Information:
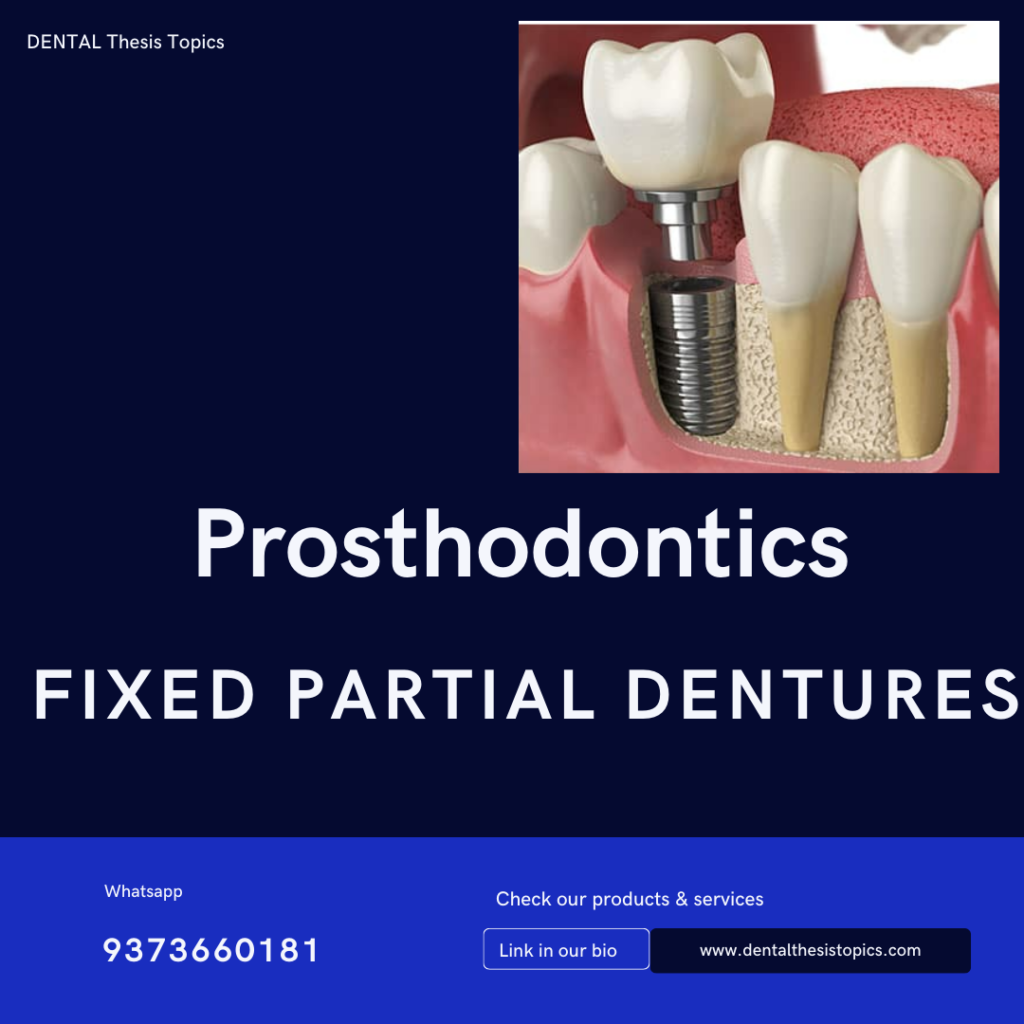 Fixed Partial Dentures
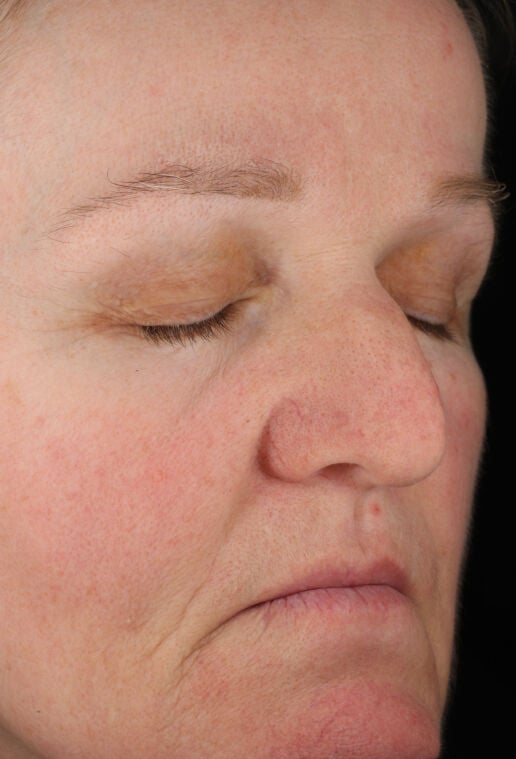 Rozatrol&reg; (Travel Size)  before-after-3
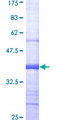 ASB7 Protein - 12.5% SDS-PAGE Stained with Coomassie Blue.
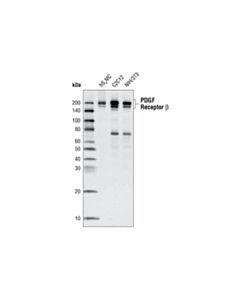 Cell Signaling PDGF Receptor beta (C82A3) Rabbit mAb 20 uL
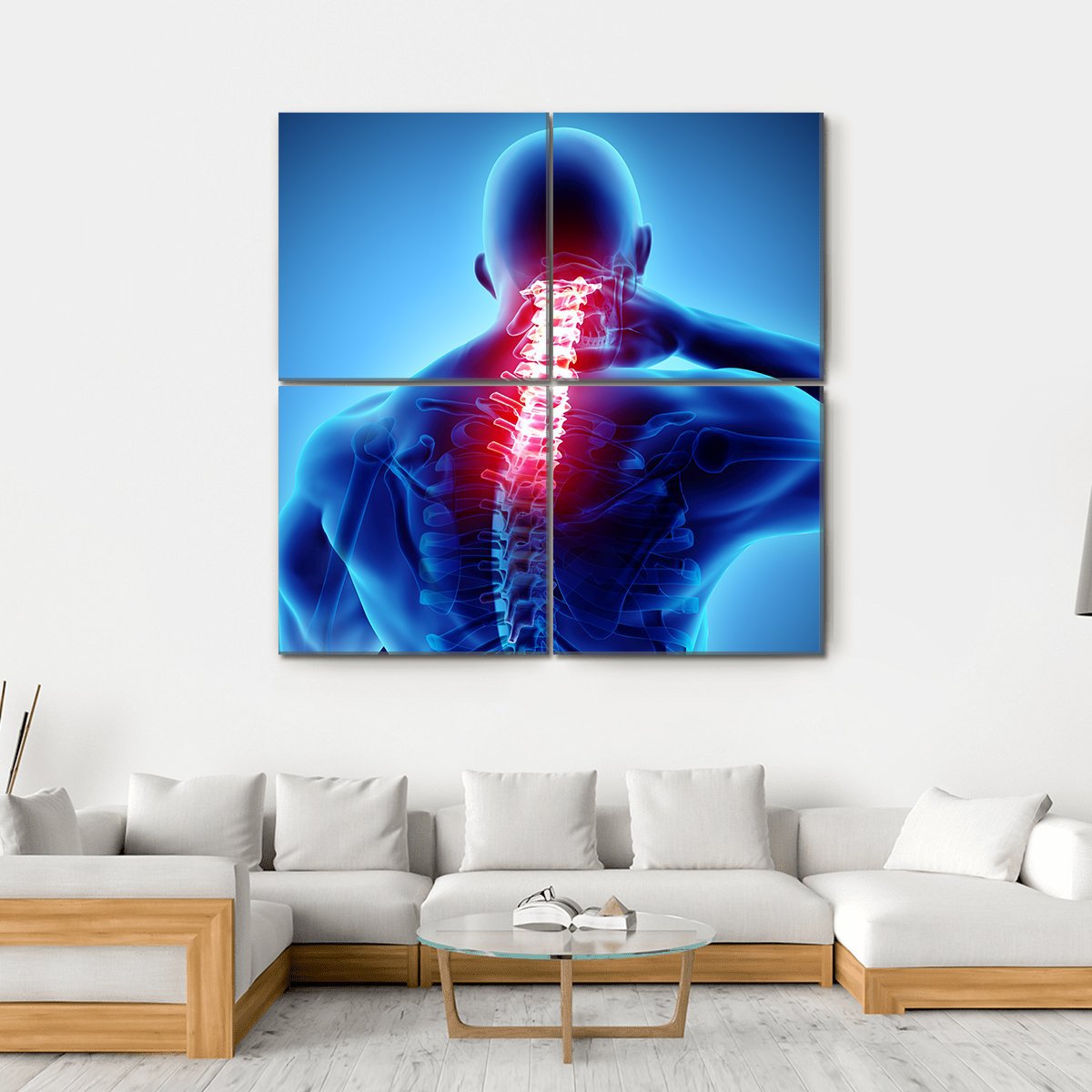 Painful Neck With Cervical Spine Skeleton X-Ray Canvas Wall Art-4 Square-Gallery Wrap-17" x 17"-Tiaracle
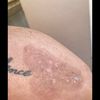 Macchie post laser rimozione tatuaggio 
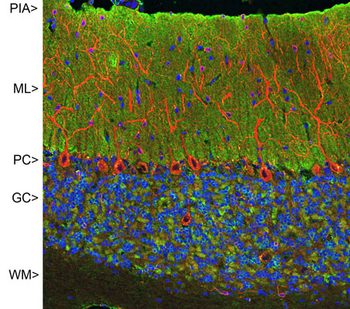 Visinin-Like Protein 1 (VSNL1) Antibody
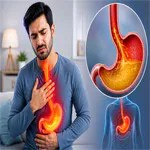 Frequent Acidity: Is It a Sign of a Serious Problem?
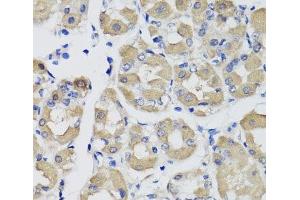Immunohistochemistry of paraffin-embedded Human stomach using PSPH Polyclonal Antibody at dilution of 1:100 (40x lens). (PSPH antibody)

Your assignment:
Print the records above verbatim, minus any pictures.

Problem solution:
 Fixed Partial Dentures
 Rozatrol&reg; (Travel Size)  before-after-3
 ASB7 Protein - 12.5% SDS-PAGE Stained with Coomassie Blue.
 Cell Signaling PDGF Receptor beta (C82A3) Rabbit mAb 20 uL
 Painful Neck With Cervical Spine Skeleton X-Ray Canvas Wall Art-4 Square-Gallery Wrap-17" x 17"-Tiaracle
 Macchie post laser rimozione tatuaggio 
 Visinin-Like Protein 1 (VSNL1) Antibody
 Frequent Acidity: Is It a Sign of a Serious Problem?
Immunohistochemistry of paraffin-embedded Human stomach using PSPH Polyclonal Antibody at dilution of 1:100 (40x lens). (PSPH antibody)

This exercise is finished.